I started reading Robert Sutton’s new book Good Boss, Bad Boss because (a) I was interested in what the book might teach me about leadership in organizations, and (b) because I have found all of Sutton’s books to be insightful, practical, and helpful (and, I might add, very entertaining). I expected, of course, to learn a lot about being a boss. What happened, though, totally surprised me: as I read Good Boss, Bad Boss, I found my head spinning with the parallels I noticed between good bosses and good teachers, especially with regard to one of his main themes, Power Poisoning.
Power Poisoning, especially has implications for anyone who embraces the profession of teaching.
Sutton references many studies to support a fundamental assertion of his: power poisons our ability to understand our subordinates’ needs and damages our ability to empathize with their experiences. In particular, Sutton references Dacher Keltner’s research studying power dynamics. One especially fascinating study Sutton mentions is Keltner’s “cookie experiment:”
Three-person student teams were instructed to produce a short policy paper. Two members were randomly assigned to write it; the third member evaluated it and determined how much to pay the two “workers.” After about thirty minutes, the experimenter brought in a plate of five cookies. It turned out that a little taste of power turned people into pigs: not only did the “bosses” tend to take a second cookie, they also displayed other symptoms of “disinhibited eating,” chewing with their mouths open and scattering crumbs.
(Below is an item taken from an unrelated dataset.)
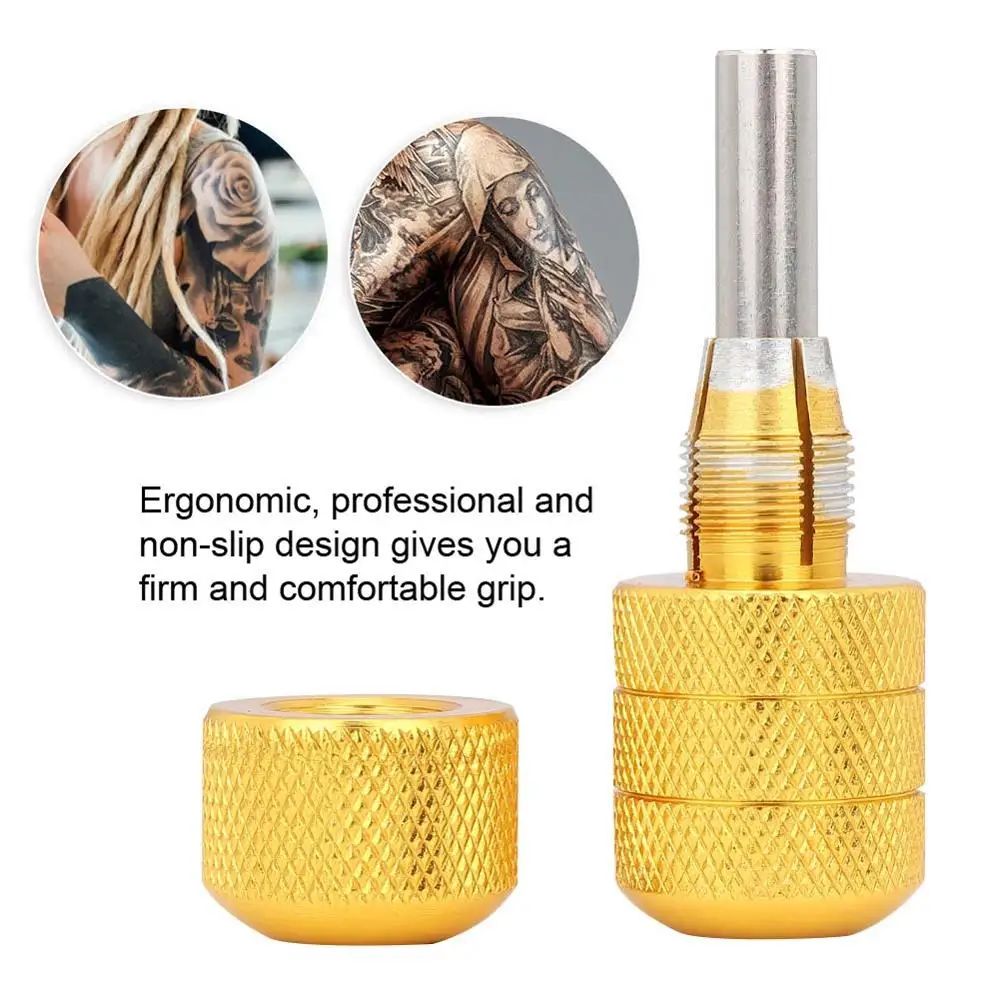 25mm Boutique Aluminum Alloy Knurled Non-Slip Grip Tube With Back Self-Locking Tattoo Handle Supplies Body Art Tools Gold Colors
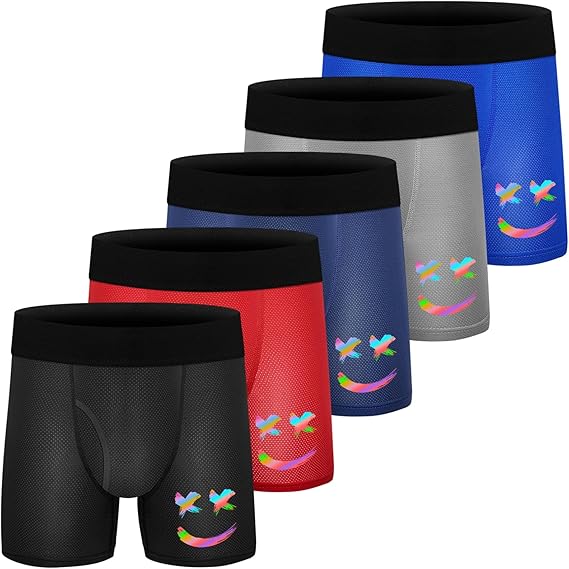 Boys Boxer Briefs Quick-Dry Polyester Underwear Breathable & Soft Stretch Waistband with Fly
The “cookie experiment” is just one study from Keltner’s fifteen years of studying power. Keltner (quoted in Sutton’s book) summarizes what he discovered about the potential hazards of power in graphic and dramatic terms:
People with power tend to behave like patients who have damaged their brain’s front orbitofrontal lobes … a condition that seems to cause overly impulsive and insensitive behavior. Thus, the experience of power might be thought of as having someone open up your skull and take out that part of your brain so critical to empathy and socially appropriate behavior.
Power, Sutton explains, doesn’t affect everyone the same way because of course “there are empathetic and civilized bosses.” But power can poison our ability to see the world through other’s eyes if we are not careful. “There is ample evidence,” Sutton writes, “that power turns people into insensitive jerks.”
Few people have more direct power over others than teachers. Like a boss with plenty of reports, teachers observe, direct, evaluate, reward and punish students. And like good bosses, teachers need to be vigilant to ensure they don’t let power poisoning change their perceptions.
Thus one important task of all teachers, whether in kindergarten or college, is to avoid Power Poisoning.
There is much we can do to fight Power Poisoning, but the most important strategy may simply be to go out of our way to deeply understand how our students are experiencing our class and our school.
We can deepen our empathy for students by creating time for one-to-one conversations with students, by asking kids to do assessments of their feelings and not just their learning, or simply by taking the time to carefully observe our students to try and sense exactly how they are experiencing school.
We can also deepen our understanding of our students by taking classes that we find challenging (I gained a deeper insight into learning while having a significantly frustrating time understanding instruction in a class on how to use my little digital camera, for example). And we can lean a lot about our students by sitting in other teachers’ classes, if they don’t mind, so we can carefully watch how students experience school.
The simplest way to better understand our students might be to take a moment each day to focus on one student in every class and ask, “how is she or he feeling about this learning experience right now?”
Few things are more damaging to learning than the power tripping that occurs when teachers let power poison their perceptions and limit their empathy. And few things are more nourishing to learning than teachers who clearly understand how students feel. Empathy can be like miracle-gro for kids.
We can avoid Power Poisoning by walking a mile in our kids’ shoes. When we do so, my guess is we will find that our better understanding of our students often empowers them to be more open to learning.